Tax authorities still divided over feasibility of 2012-13 targets

Chairman says no need to revise tax collection target, other officials disagree.


Our Correspondent August 06, 2012

ISLAMABAD: Despite deep reservations expressed by senior tax officials, Federal Board of Revenue (FBR) Chairman Ali Arshad Hakeem has on Monday declared the Rs2.381 trillion tax target for fiscal 2012-13 “achievable”, indicating policy differences within the tax machinery.

While talking to the media on the sidelines of a Public Accounts Committee meeting, Hakeem said there was no need to revise the Rs2.381 trillion tax target, as he considers it achievable. He said the existing difference between tax collection and true potential was an opportunity for the FBR to increase compliance and collection.

According to a World Bank report, the tax gap in Pakistan is 79% of the total collection at any given time, and 70% of the gap was due to tax evasion in the corporate sector.
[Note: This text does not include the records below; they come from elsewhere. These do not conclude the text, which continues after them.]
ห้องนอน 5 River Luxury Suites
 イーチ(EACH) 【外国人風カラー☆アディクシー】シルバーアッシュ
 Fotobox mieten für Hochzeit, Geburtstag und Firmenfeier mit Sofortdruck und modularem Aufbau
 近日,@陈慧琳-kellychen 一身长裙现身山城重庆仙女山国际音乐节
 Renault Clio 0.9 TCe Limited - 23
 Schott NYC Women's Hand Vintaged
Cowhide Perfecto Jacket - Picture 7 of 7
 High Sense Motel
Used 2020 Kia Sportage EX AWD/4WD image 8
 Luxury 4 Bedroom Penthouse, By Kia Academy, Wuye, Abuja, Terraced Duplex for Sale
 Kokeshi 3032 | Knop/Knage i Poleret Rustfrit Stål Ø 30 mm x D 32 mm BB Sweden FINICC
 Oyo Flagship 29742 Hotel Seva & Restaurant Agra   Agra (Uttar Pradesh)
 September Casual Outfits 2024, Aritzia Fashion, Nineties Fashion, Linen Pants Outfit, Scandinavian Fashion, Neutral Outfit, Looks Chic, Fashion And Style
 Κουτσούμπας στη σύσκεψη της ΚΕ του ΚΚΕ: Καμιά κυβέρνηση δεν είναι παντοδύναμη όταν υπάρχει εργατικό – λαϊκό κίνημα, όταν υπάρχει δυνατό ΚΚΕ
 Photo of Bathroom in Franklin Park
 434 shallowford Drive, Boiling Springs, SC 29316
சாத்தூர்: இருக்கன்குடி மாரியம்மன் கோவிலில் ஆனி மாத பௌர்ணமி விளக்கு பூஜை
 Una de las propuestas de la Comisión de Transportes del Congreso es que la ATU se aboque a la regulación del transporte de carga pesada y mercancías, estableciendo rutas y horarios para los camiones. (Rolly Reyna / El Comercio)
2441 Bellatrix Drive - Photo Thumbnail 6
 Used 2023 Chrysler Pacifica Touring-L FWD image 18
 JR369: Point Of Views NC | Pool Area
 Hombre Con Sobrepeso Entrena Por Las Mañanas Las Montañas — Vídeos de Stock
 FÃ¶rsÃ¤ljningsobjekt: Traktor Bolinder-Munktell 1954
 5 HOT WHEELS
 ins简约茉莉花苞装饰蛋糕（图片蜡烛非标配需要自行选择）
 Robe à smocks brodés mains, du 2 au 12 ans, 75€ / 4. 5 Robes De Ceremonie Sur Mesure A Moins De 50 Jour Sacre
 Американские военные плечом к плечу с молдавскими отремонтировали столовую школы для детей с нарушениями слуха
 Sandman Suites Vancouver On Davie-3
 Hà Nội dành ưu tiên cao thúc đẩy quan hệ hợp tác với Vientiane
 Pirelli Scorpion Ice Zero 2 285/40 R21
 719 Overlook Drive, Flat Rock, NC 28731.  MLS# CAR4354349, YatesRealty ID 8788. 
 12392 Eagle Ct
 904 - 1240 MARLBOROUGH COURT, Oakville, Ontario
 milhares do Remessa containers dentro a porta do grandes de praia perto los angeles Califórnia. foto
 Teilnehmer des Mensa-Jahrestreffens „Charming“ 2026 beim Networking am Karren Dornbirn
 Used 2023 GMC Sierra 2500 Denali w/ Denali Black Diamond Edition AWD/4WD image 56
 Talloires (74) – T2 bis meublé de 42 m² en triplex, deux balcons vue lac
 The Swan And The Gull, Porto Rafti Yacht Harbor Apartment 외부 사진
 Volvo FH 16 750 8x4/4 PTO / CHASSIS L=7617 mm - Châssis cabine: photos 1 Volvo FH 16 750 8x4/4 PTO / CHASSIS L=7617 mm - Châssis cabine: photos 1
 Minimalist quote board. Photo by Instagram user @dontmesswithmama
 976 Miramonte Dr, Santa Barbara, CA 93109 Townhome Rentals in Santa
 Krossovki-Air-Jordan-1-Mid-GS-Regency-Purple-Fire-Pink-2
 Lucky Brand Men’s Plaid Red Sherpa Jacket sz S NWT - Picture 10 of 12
Effective tax automation, and supporting and strengthening the corporate sector are the two main priorities set out by Hakeem. He supports the policy of extending amnesty schemes, while arguing that advanced countries, too, offer such incentives to taxpayers. He also ruled out the possibility of dividing the collection target for sales tax on services between the FBR, the Sindh Revenue Board and the Punjab Revenue Authority.

Contrary to the chairman’s stance, FBR line members have not only been seeking revision of the target, but have also recommended that the sales tax on services target be separated from the sales tax on goods target. The country’s two most populous provinces – Sindh and Punjab – have established their own authorities to collect tax on services, but the finance ministry still conflates their individual targets with targets set for the FBR, in order to artificially inflate actual collection.

Since July 1, the first day of the new fiscal year, senior tax officials have advocated lowering the tax target; arguing that it has been “imposed” by the finance ministry and is beyond the administrative capacities of the FBR.

Differences of opinion within the FBR may result in half-hearted attempts at achieving targets; this may be observed in the unofficial collection results for July. Officials informed us that the authority collected only Rs112 billion in taxes in the first month of the new fiscal year; almost the same as in July last year, when it collected Rs112.4 billion.

Even last year, when Mumtaz Haider Rizvi headed the FBR, the authority’s members used to call the Rs1.952 trillion target set for 2011-12 unrealistic; contrary to the chairman’s repeated claims that it was achievable.

Eventually, the FBR missed the target by a whopping Rs75 billion, according to unofficial figures. Hakeem, who replaced Rizvi as FBR chairman, later claimed that last year’s collection figures could not be released officially “due to a strike observed by the Accountant General of Pakistan Revenue employees.”

Corruption

To a question about increasing corruption in the FBR, Hakeem said he was not aware of any such thing and had made all transfers and postings on merit.

When asked whether the FBR would surrender powers that authorise it to issue statutory regulatory orders (SROs) – which some say have become a source of corruption – the chairman enigmatically replied that “all powers should be located where there is an element of accountability.”

In the much-trumpeted Reformed General Sales Tax (RGST) Bill, the International Monetary Fund had suggested withdrawing FBR’s SRO powers and transferring the same to the parliament. Insiders say that the FBR is not enthusiastic about the idea, and that one of the main reasons behind the parliament’s inability to approve the RGST Bill is the FBR’s opposition to the withdrawing of its power to issue SROs.

Published in The Express Tribune, August 7th, 2012.